KLIKNIJ TUTAJ I CZYTAJ WIĘCEJ NA TEMAT NIEZWYKŁYCH OBJAWIEŃ Z LAUS!
Objawienia w Laus rozpoczęły się w XVII wieku i trwały 54 lata. To najdłuższe objawienia Maryi w historii Kościoła. I choć 400 lat to bardzo dużo czasu, przesłania Matki Bożej nadal są aktualne. W czasach, gdy grzech staje się normą a ateizm nową modą, orędzia Maryi z Laus dotyczące spowiedzi i Eucharystii, jako jedynego ratunku przed grożącym nam piekłem, wydają się być wręcz ponagleniem.
Czy naprawdę pragniesz Boga?
W pierwszym etapie objawień Matka Boża skupiła się na życiu sakramentalnym widzącej Benedykty i modlitwie. Nie znaczy to, że dziewczyna miała złe nawyki – podobnie jak wszystkie mieszkanki ówczesnej wsi chodziła w niedzielę do kościoła, a i w dni powszednie przypominała sobie o Panu. Lecz to nie mogło wystarczyć.

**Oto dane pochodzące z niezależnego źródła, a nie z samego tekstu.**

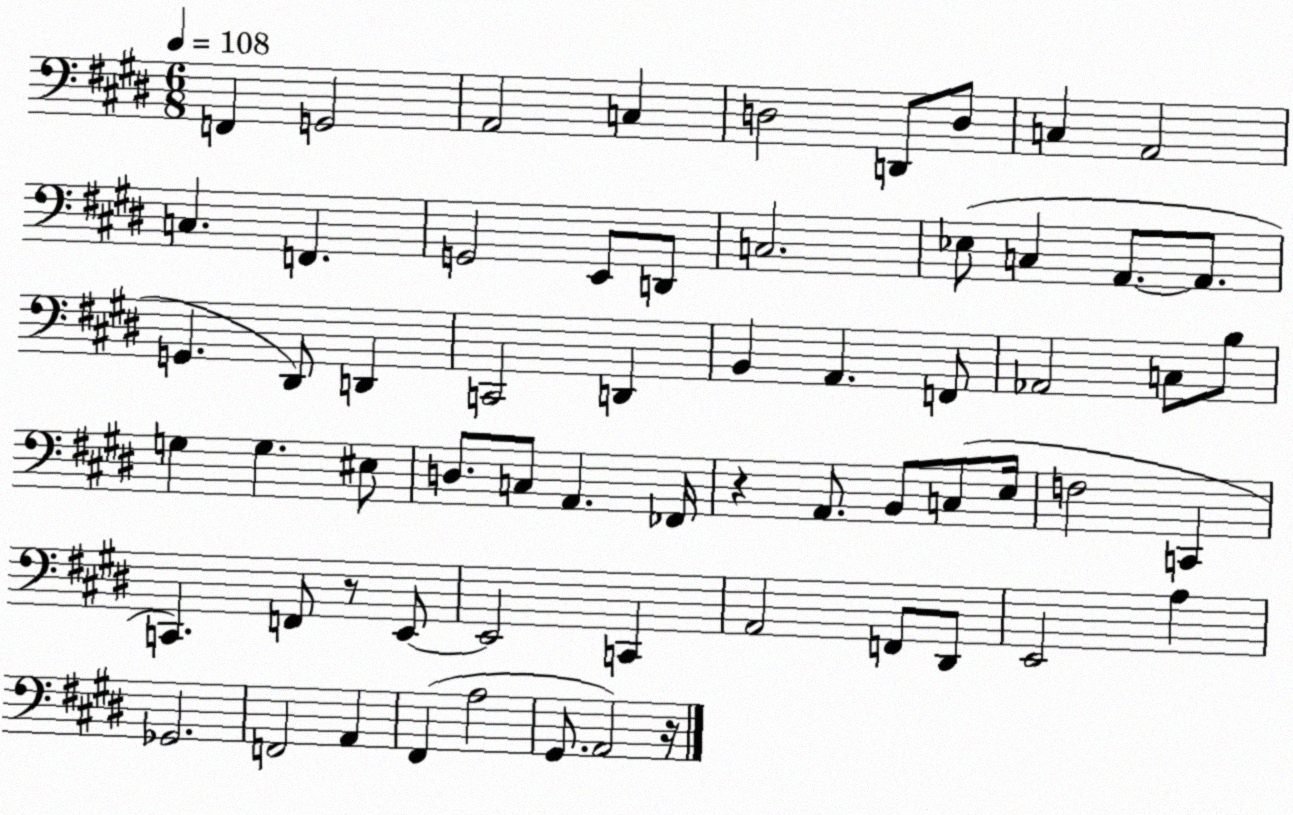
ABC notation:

X:1
T:Untitled
M:6/8
L:1/4
K:E
F,, G,,2 A,,2 C, D,2 D,,/2 D,/2 C, A,,2 C, F,, G,,2 E,,/2 D,,/2 C,2 _E,/2 C, A,,/2 A,,/2 G,, ^D,,/2 D,, C,,2 D,, B,, A,, F,,/2 _A,,2 C,/2 B,/2 G, G, ^E,/2 D,/2 C,/2 A,, _F,,/4 z A,,/2 B,,/2 C,/2 E,/4 F,2 C,, C,, F,,/2 z/2 E,,/2 E,,2 C,, A,,2 F,,/2 ^D,,/2 E,,2 A, _G,,2 F,,2 A,, ^F,, A,2 ^G,,/2 A,,2 z/4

Skoro Msza Święta odbywa się każdego dnia, dlaczego nie mielibyśmy z tego korzystać? Mamy czas na inne rzeczy, a często nawet go trwonimy. Czy nie byłoby lepiej codziennie karmić duszę? „Ja jestem chlebem życia”, mówi Pan. „Jeśli ktoś spożywa ten chleb, będzie żył na wieki” (J 6, 35.51). Czy można zlekceważyć tę wskazówkę? Przyjmowanie Ciała Chrystusa nie jest tylko przejawem pobożności: to rzeczywiste, owocne spotkanie z Bogiem, który zstępuje z nieba i odnawia ofiarę, aby zgładzić grzechy świata, obdarzyć nas łaską i napełnić nieskończoną miłością.

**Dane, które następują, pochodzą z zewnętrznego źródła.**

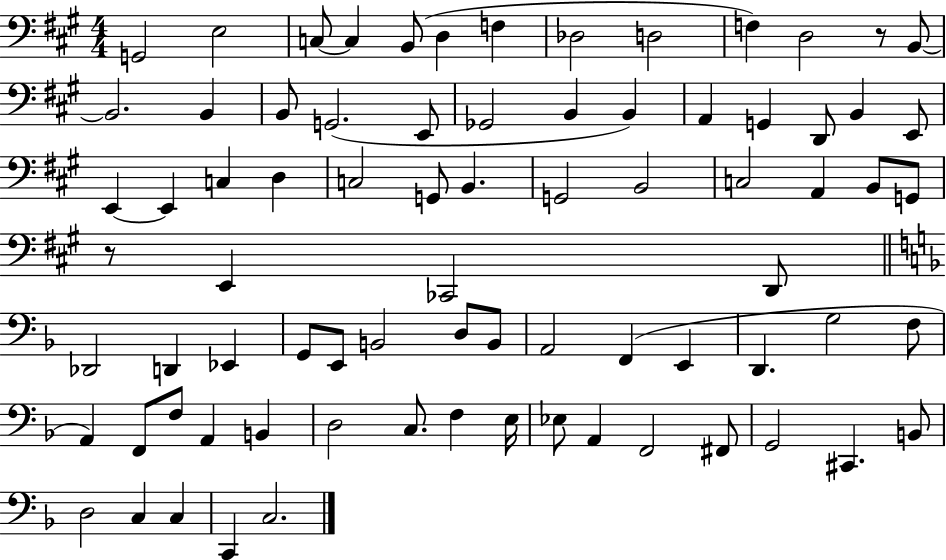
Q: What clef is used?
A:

Dlaczego nie wychodzimy Bożej miłości naprzeciw, skoro codziennie mamy taką możliwość? To naglące pytanie Maryja zdawała się kierować do Benedykty. Jak to: kochasz kogoś, ale nie pragniesz z nim przebywać? Jesteś złakniony łask, ale odpychasz Uosobienie łaski? Pragniesz Bożych przywilejów, ale nie samego Boga? Gdyby Bóg chciał, żeby Msza Święta odbywała się tylko w niedzielę, wydałby Kościołowi odpowiednie dyspozycje. Jednak tego nie zrobił. Bóg pragnie być naszym codziennym pokarmem i gdybyśmy nauczyli się choć trochę wsłuchiwać w naszą duszę, zrozumielibyśmy, że ona dzieli to pragnienie.

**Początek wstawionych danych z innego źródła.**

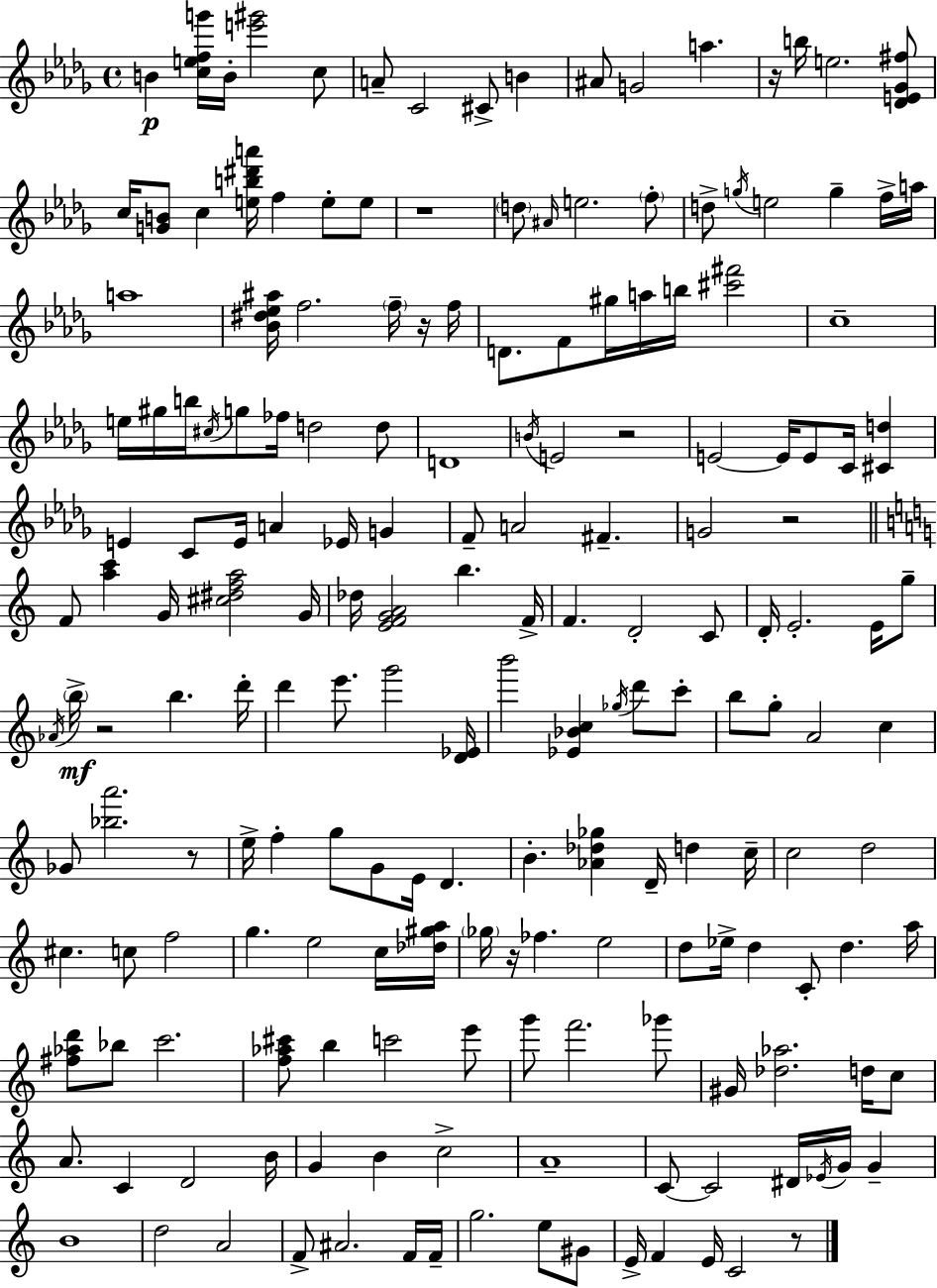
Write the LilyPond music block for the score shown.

{
  \clef treble
  \time 4/4
  \defaultTimeSignature
  \key bes \minor
  \repeat volta 2 { b'4\p <c'' e'' f'' g'''>16 b'16-. <e''' gis'''>2 c''8 | a'8-- c'2 cis'8-> b'4 | ais'8 g'2 a''4. | r16 b''16 e''2. <des' e' ges' fis''>8 | \break c''16 <g' b'>8 c''4 <e'' b'' dis''' a'''>16 f''4 e''8-. e''8 | r1 | \parenthesize d''8 \grace { ais'16 } e''2. \parenthesize f''8-. | d''8-> \acciaccatura { g''16 } e''2 g''4-- | \break f''16-> a''16 a''1 | <bes' dis'' ees'' ais''>16 f''2. \parenthesize f''16-- | r16 f''16 d'8. f'8 gis''16 a''16 b''16 <cis''' fis'''>2 | c''1-- | \break e''16 gis''16 b''16 \acciaccatura { cis''16 } g''8 fes''16 d''2 | d''8 d'1 | \acciaccatura { b'16 } e'2 r2 | e'2~~ e'16 e'8 c'16 | \break <cis' d''>4 e'4 c'8 e'16 a'4 ees'16 | g'4 f'8-- a'2 fis'4.-- | g'2 r2 | \bar "||" \break \key c \major f'8 <a'' c'''>4 g'16 <cis'' dis'' f'' a''>2 g'16 | des''16 <e' f' g' a'>2 b''4. f'16-> | f'4. d'2-. c'8 | d'16-. e'2.-. e'16 g''8-- | \break \acciaccatura { aes'16 } \parenthesize b''16->\mf r2 b''4. | d'''16-. d'''4 e'''8. g'''2 | <d' ees'>16 b'''2 <ees' bes' c''>4 \acciaccatura { ges''16 } d'''8 | c'''8-. b''8 g''8-. a'2 c''4 | \break ges'8 <bes'' a'''>2. | r8 e''16-> f''4-. g''8 g'8 e'16 d'4. | b'4.-. <aes' des'' ges''>4 d'16-- d''4 | c''16-- c''2 d''2 | \break cis''4. c''8 f''2 | g''4. e''2 | c''16 <des'' gis'' a''>16 \parenthesize ges''16 r16 fes''4. e''2 | d''8 ees''16-> d''4 c'8-. d''4. | \break a''16 <fis'' aes'' d'''>8 bes''8 c'''2. | <f'' aes'' cis'''>8 b''4 c'''2 | e'''8 g'''8 f'''2. | ges'''8 gis'16 <des'' aes''>2. d''16 | \break c''8 a'8. c'4 d'2 | b'16 g'4 b'4 c''2-> | a'1-- | c'8~~ c'2 dis'16 \acciaccatura { ees'16 } g'16 g'4-- | \break b'1 | d''2 a'2 | f'8-> ais'2. | f'16 f'16-- g''2. e''8 | \break gis'8 e'16-> f'4 e'16 c'2 | r8 } \bar "|."
}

Ojciec Pio miał niegdyś powiedzieć, że w godzinie śmierci najbardziej pożałujemy tych Mszy Świętych, w których nie wzięliśmy udziału. Nie chodzi tu, rzecz jasna, o żadne buchalteryjne obliczenia czy magiczne sztuczki: po prostu powinniśmy przyjmować Ciało Chrystusa w sposób godny, z czystym i pełnym skruchy sercem.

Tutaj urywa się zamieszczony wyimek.